Dataset records:
++++++++

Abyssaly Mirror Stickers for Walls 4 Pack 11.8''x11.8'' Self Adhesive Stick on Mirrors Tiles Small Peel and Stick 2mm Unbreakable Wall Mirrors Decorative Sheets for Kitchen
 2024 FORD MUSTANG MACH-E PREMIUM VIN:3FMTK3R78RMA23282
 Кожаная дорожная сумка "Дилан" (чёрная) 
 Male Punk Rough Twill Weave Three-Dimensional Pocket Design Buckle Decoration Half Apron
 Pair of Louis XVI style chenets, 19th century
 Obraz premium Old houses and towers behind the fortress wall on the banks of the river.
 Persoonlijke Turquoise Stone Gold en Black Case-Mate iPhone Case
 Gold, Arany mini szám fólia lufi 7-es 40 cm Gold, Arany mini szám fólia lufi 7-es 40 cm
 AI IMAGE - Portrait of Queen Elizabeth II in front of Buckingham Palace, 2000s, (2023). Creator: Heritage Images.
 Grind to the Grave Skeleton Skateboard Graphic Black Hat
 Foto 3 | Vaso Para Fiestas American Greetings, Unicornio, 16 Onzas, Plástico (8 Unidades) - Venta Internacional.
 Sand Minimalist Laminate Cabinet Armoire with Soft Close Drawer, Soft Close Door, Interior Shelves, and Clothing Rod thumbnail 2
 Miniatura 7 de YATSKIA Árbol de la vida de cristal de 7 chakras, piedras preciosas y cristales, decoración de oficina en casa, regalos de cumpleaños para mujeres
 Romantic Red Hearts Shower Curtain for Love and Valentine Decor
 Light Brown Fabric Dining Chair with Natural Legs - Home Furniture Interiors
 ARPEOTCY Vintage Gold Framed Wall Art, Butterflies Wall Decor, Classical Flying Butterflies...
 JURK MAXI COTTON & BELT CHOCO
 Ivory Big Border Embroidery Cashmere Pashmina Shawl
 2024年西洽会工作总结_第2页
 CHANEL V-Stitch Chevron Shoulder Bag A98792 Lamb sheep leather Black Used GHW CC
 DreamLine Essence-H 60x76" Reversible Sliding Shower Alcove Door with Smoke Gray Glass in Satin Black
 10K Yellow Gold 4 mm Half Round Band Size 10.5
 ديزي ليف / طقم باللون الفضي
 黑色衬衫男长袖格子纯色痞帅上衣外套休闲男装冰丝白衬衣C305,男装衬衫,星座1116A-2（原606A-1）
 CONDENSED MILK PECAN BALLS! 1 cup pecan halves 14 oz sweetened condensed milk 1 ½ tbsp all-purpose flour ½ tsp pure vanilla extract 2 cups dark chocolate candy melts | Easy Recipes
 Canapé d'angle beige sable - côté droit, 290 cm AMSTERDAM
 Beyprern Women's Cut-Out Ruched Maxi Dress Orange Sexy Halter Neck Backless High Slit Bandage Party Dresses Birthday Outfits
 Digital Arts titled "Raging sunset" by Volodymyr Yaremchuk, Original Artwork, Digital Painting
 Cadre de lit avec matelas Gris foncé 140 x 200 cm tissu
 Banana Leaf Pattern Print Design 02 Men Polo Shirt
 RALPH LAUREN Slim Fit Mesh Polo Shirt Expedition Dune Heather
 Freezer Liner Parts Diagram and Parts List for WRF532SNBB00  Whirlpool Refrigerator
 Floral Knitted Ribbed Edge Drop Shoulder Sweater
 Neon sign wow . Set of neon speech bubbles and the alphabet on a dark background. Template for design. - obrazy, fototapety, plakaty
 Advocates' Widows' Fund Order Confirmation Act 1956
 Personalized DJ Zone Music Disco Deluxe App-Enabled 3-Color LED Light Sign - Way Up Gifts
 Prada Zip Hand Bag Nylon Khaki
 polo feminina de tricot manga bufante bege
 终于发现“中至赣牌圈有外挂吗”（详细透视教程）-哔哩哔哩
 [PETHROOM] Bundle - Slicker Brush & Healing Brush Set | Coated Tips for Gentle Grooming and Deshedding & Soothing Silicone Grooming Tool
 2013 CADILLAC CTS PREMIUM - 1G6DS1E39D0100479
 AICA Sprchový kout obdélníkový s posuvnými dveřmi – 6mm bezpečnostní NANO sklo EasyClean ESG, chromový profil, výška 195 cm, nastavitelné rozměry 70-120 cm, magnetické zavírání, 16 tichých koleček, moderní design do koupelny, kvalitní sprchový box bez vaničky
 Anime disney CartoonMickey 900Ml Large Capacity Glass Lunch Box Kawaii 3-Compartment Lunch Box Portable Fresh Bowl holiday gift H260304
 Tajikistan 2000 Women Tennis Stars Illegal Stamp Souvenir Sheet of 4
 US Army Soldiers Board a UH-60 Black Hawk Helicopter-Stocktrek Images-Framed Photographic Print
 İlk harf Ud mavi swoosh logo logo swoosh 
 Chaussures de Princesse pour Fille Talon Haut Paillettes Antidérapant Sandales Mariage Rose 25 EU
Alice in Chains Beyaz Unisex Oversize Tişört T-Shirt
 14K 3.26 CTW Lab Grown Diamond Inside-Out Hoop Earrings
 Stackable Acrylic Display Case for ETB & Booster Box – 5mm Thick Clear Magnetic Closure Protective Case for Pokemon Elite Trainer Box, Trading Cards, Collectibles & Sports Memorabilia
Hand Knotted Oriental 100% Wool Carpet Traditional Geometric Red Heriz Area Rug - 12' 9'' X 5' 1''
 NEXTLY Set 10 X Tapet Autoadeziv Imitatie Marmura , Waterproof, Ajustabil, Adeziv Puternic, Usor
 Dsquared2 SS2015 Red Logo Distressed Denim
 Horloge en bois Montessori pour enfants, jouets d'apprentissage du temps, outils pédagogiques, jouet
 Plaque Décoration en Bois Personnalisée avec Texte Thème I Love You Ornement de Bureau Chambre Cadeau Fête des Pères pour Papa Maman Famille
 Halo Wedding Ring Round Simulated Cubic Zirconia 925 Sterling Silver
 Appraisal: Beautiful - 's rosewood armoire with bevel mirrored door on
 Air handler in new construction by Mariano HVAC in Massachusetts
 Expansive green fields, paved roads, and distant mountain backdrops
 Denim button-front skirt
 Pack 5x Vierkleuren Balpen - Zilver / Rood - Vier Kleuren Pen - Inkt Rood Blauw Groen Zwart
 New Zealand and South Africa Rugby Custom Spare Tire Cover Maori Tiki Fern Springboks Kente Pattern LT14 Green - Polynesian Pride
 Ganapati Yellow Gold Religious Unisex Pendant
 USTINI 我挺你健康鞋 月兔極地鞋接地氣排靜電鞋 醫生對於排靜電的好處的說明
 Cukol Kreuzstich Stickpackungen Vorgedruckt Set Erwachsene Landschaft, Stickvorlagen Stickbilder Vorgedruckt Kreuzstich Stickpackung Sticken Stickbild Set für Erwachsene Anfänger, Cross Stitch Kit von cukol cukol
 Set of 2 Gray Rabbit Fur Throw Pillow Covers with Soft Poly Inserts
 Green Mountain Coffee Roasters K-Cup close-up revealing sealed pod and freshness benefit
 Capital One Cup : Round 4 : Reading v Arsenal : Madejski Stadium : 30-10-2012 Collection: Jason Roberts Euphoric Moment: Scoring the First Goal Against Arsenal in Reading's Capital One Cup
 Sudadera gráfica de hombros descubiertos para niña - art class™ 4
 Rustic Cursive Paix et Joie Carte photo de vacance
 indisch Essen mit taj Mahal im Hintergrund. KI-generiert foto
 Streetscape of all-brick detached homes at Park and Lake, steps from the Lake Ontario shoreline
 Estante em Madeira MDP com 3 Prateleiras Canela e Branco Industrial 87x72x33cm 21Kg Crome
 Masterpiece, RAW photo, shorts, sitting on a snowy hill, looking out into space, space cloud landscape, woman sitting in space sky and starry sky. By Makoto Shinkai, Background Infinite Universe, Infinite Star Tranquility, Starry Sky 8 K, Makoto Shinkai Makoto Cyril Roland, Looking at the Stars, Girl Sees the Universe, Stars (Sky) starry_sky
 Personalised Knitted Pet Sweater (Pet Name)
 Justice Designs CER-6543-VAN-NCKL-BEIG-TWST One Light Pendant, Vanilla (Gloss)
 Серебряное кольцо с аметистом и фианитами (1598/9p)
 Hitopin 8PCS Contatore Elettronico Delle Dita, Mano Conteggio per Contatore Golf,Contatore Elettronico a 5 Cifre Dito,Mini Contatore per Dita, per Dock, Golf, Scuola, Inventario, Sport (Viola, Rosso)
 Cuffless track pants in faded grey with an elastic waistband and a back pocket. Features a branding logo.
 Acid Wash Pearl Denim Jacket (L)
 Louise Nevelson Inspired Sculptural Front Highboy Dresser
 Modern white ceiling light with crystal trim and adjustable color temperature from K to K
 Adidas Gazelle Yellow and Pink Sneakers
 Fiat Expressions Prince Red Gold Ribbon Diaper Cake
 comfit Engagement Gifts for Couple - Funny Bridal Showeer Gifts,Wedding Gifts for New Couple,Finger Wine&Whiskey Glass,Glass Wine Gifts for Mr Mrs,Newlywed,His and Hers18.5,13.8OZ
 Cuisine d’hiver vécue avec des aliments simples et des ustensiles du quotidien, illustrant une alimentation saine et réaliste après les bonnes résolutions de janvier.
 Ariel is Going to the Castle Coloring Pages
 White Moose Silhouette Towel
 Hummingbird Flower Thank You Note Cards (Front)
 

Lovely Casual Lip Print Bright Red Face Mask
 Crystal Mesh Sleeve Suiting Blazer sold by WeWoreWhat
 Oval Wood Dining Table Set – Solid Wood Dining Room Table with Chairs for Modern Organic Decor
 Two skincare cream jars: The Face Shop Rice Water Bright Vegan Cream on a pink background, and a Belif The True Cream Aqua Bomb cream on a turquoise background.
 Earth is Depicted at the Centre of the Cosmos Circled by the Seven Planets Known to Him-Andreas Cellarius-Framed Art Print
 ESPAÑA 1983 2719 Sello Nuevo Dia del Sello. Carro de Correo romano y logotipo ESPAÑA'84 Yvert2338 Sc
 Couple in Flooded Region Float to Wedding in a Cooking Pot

++++++++

Exercise aim: When a line in the records above contains the word "Shower", copy it.

Written solution:
 Romantic Red Hearts Shower Curtain for Love and Valentine Decor
 DreamLine Essence-H 60x76" Reversible Sliding Shower Alcove Door with Smoke Gray Glass in Satin Black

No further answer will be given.